Onweerslied
Ik ben mijn eigen gedichten beginnen te vertalen. Blijven ze hetzelfde? Worden ze anders? Wat verlies je, wat win je? Vorige keer veranderde Vis is vies in Fishy Fishface.

Jij met mij, Robbert-Jan Henkes (tekst) en Marga van den Heuvel (tekeningen), Querido 2017.
Mijn zelfvertalingen werden gelukkig nagekeken door een native speaker. Nativer kon je het niet krijgen want het was een Ier, een katholieke Noord-Ier om precies te zijn. En die spreken het beste Engels in de hele wijde wereld. Het Iers-Engels is sowieso zo wiedeweergaas veel mooier Engels dan Brits-Engels. Het Liverpudlian van de Beatles en het Dorsets van P.J. Harvey in haar boek Orlam en op haar plaat I inside the old year dying niet te na gesproken. Alles is eigenlijk mooier dan posh, bekakt, de King’s en Queen’s English. Maar Iers-Engels helemaal.
En mijn native speaker was helemaal geknipt, want hij was ook nog eens een bedreven violist én hij schreef verhalen over de Troubles die hij in Belfast had meegemaakt. Grappig-tragische verhalen, bevolkt door Ierse figuren die zo uit Flann O’Brien konden zijn weggelopen, maar gewoon een dagelijks bestaan hadden in het echte leven.
Stephen Mulhern was bij het lezen heel gespitst op het ritme van de regels, en dat kwam goed uit, want daar ging het mij eigenlijk het meest om. Hij maakte zich er niet vanaf, maar bestudeerde in onze toenmalige woon- of verblijfplaats (de Bulgaarse metropool Toerkintsja) de gedichten een maand lang ultranauwkeurig. En we bespraken ze daarna onder het genot van zeentjesbier en in aspirine ingelegde
bloemkoolroosjes uitgebreid.
In het Onweerslied vond ik het wel verrassend om woorden bij elkaar als zelfstandig naamwoord te gebruiken en als werkwoord in de gebiedende wijs.
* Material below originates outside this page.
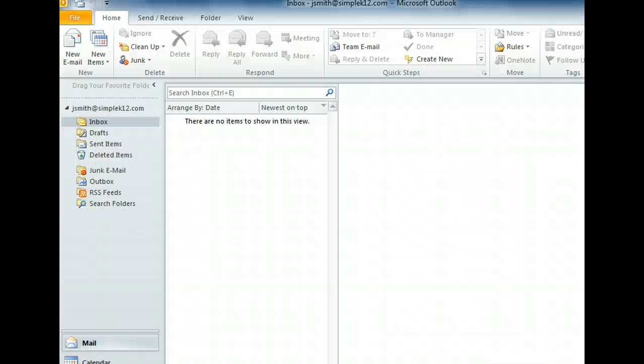We recently sent a message to one of our coworkers, but now we want to find it so we can send it to another person too. By default, copies of all the messages we've sent are kept in the Sent Items folder, so we can open that in the Navigation pane to find the message we want.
Regen, regen! Storm, storm! – Daarmee begon het. Dat was gelukkig wel over te brengen in het Engels. Met onze 29 woorden voor regenen* ging het wat moeilijker. Maar omdat ik de auteur (mezelf) redelijk goed kende, en soms ook zijn intenties, kon ik dit aspect laten schieten. Ik richtte me op de donder. En zo kon ik een van honderdonderdletterwoorden voor de donderklap uit Finnegans Wake erin krijgen. Wat altijd leuk is, een verwijzing naar cultuur van eigen (in dit geval vreemde) bodem, zolang het er niet duimendik bovenop ligt.
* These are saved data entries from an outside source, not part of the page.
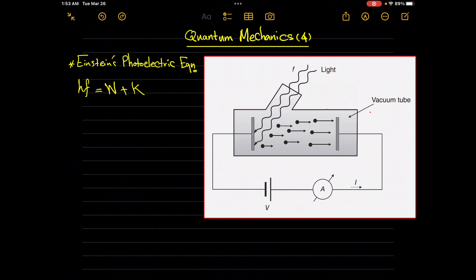Hello, welcome to the Science for Free channel. This is Mohammed Ali. Today we will continue studying Einstein's photoelectric equation experimentally. As we know, Einstein's photoelectric equation predicts that there is a direct proportionality or linear dependence of the kinetic energy of the released photoelectrons upon the frequency of the incident photons.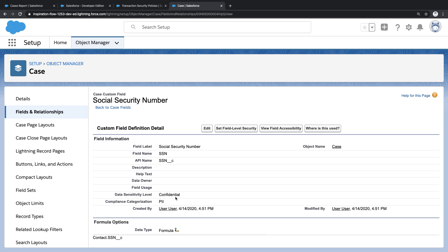What I'd like to do is create a security policy that prohibits fields like this from ever appearing on a report. So how do I do that?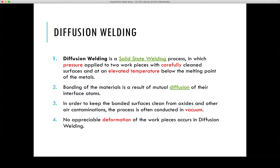Welcome to the diffusion welding process. Diffusion welding is a type of solid state welding process that relies on diffusion to create a weld through a combination of heat and pressure.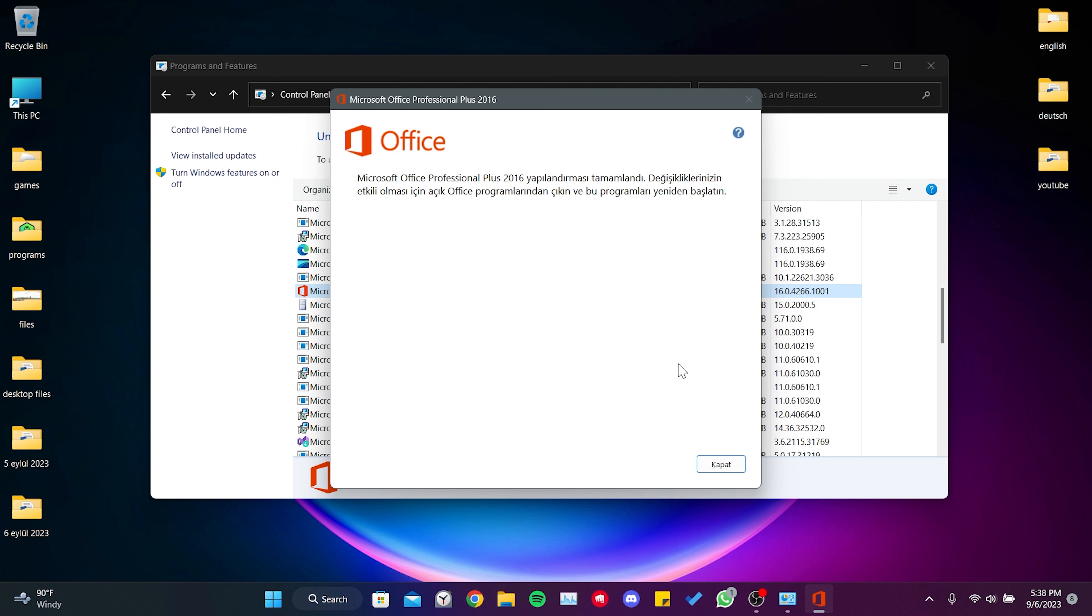The repair process is completed. Now we need to restart our computer. After doing this, you can check if the problem is solved or not. If the problem is not solved, we will move on to the second solution.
Een andere verwijzing naar Engelstalig gezonken cultuurgoed is de frase blow, wind, blow. Het is iets duidelijk blues- en liedjesachtigs, hoewel het al bij Shakespeare voorkomt, en bijna klinkt als een cliché. In mijn oren klinkt de frase althans als iets wat al heel lang bestaat, iets wat iedereen kent. Waar waai, wind, waai geen rinkelende belletjes van herkenning doet opbubbelen. Dus dat won ik in vertaling.
Je moet altijd ook wat kunnen winnen. Anders heeft het geen zin.
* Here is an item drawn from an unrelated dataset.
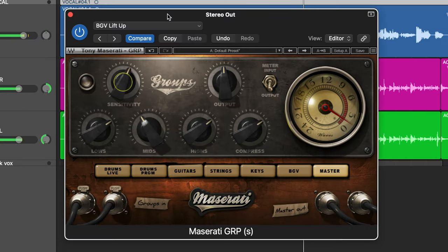And if you want to check out the one plugin that Ryan uses to master all of his music, then make sure to click on this video.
* Als de regen, majem, bledder, rengel, nattigheid, stortbui neerkomt, gaat dat in de volgende gradaties: het dauwt, het dript, het drupt, het dropt, het druilt, het dreint, het drenst, het mot, het zevert, het miezelt, het piezelt, het miezert, het kliedert, het kleddert, het kletst, het siept, het miegt, het sistert, het majemt, het regent het zegent, het stort, het komt met bakken uit de hemel, het valt met emmers neer, het regent pijpestelen, het regent ouwe wijven, het giet, het zeikt, het plenst, het hoost.